BREMEN - Mit Slogans wie „Landschaft schmecken“ machten am Montagabend im Lichthaus Firmen aus der Metropolregion Oldenburg-Bremen Appetit auf regionale Erzeugnisse. Gut 100 Gäste, darunter Landrat und Vorsitzender der MetropolregionGerd Stötzel (Diepholz), Niedersachsens Landwirtschaftsminister Hans-Heinrich Ehlen (CDU) und Karin Ellermann-Kügler vom Vorstand des Vereins „Nordlichter-Region Weserland“, feierten den Projektabschluss von „Weserklasse“.
Im Rahmen des Förderprogramms „Regionen Aktiv“ des Bundeslandwirtschaftsministeriums ist das Projekt „Weserklasse“ entstanden und soll mit Abschluss der Förderung eigenständig von den Betrieben weitergeführt werden.

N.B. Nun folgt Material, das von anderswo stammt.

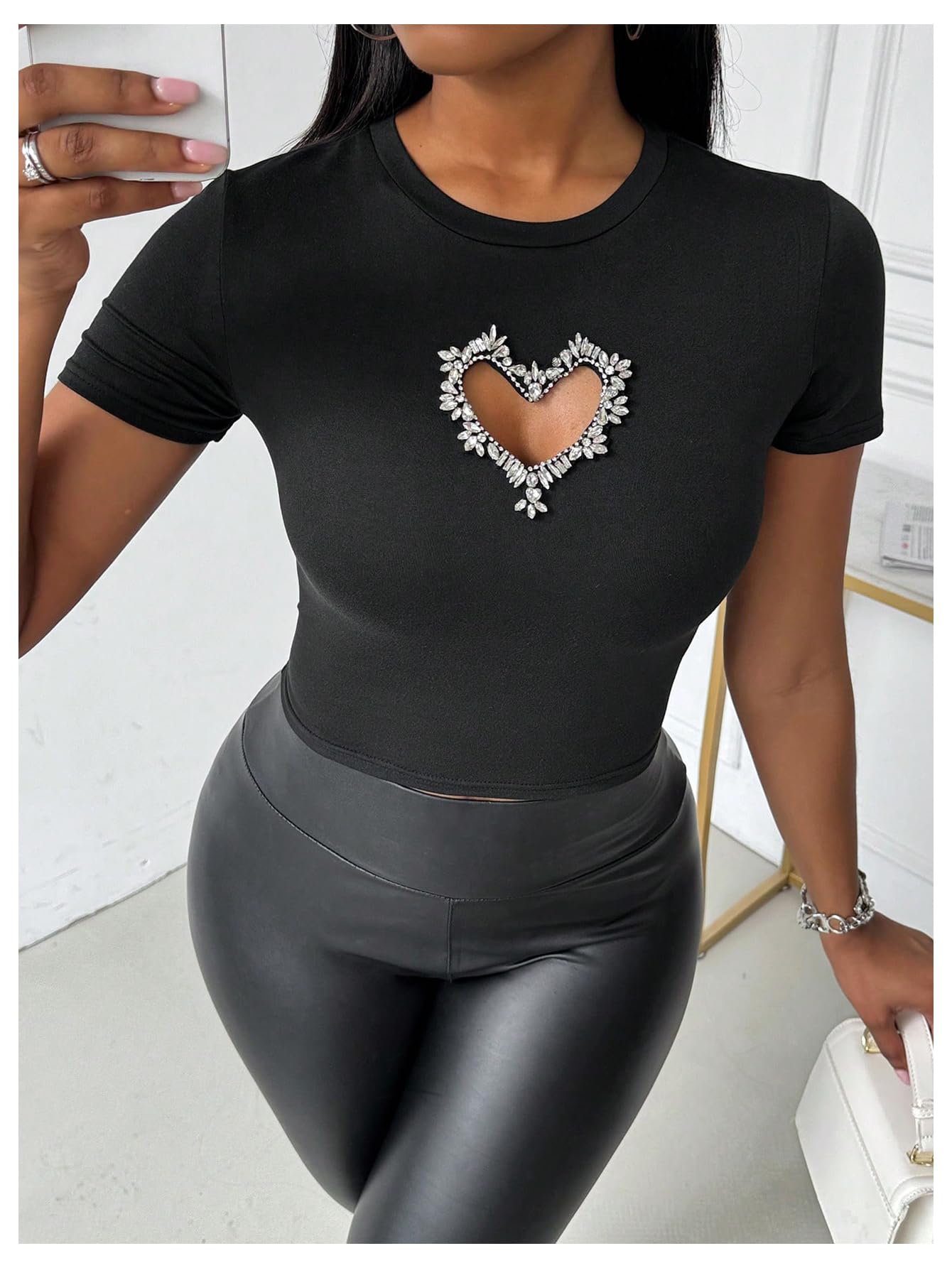 Women's Heart Rhinestone Cut Out Tee Shirts Casual Slim Fit Rib Knit Tops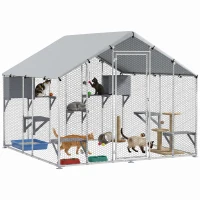 PawHut 94.5" Extra Large Metal Outdoor Catio with Waterproof Cover, 2 Resting Boxes, 7 Platforms, for Multiple Rabbits, Chicken(m-9)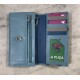 Cartera piel celeste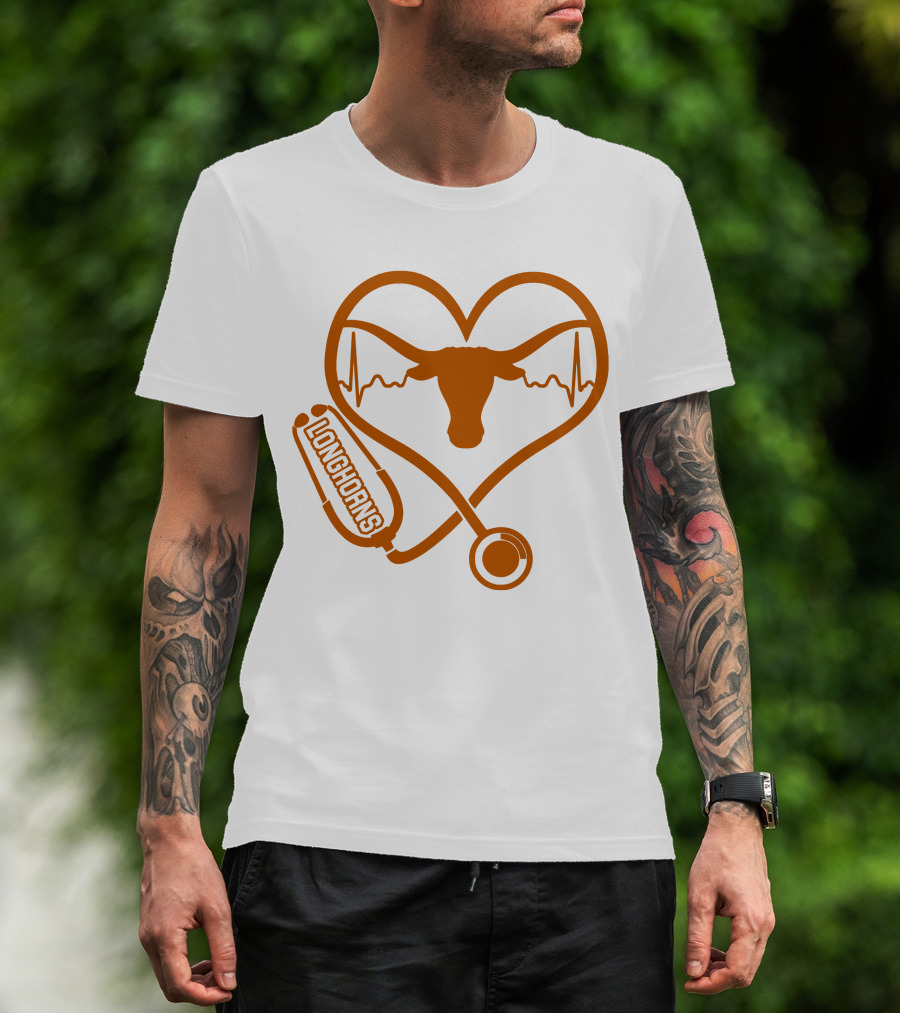 Texas Longhorns Nurse Love Heartbeat Stethoscope T-Shirt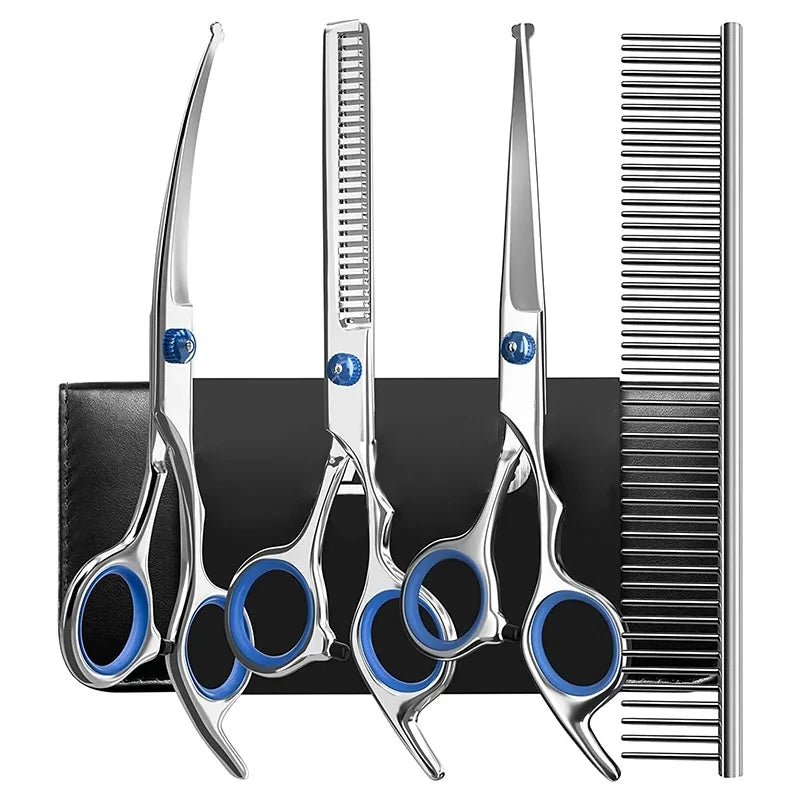 Professional Pet Grooming Scissors – Stainless Steel, Safety Round Head, Dog & Cat Hair Cutting Shears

Unter dem Label „Weserklasse“ haben sich regionale Anbieter zusammengetan, die nicht nur ihre Produkte wie Käse, Biowurst, Joghurt oder Apfelsaft anbieten, sondern auch als Bindeglied zwischen Stadt und Land fungieren. Bislang konnten 25 Betriebe aus Landwirtschaft, Verarbeitung, Gastronomie und Handel für die Marke „Weserklasse“ gewonnen werden.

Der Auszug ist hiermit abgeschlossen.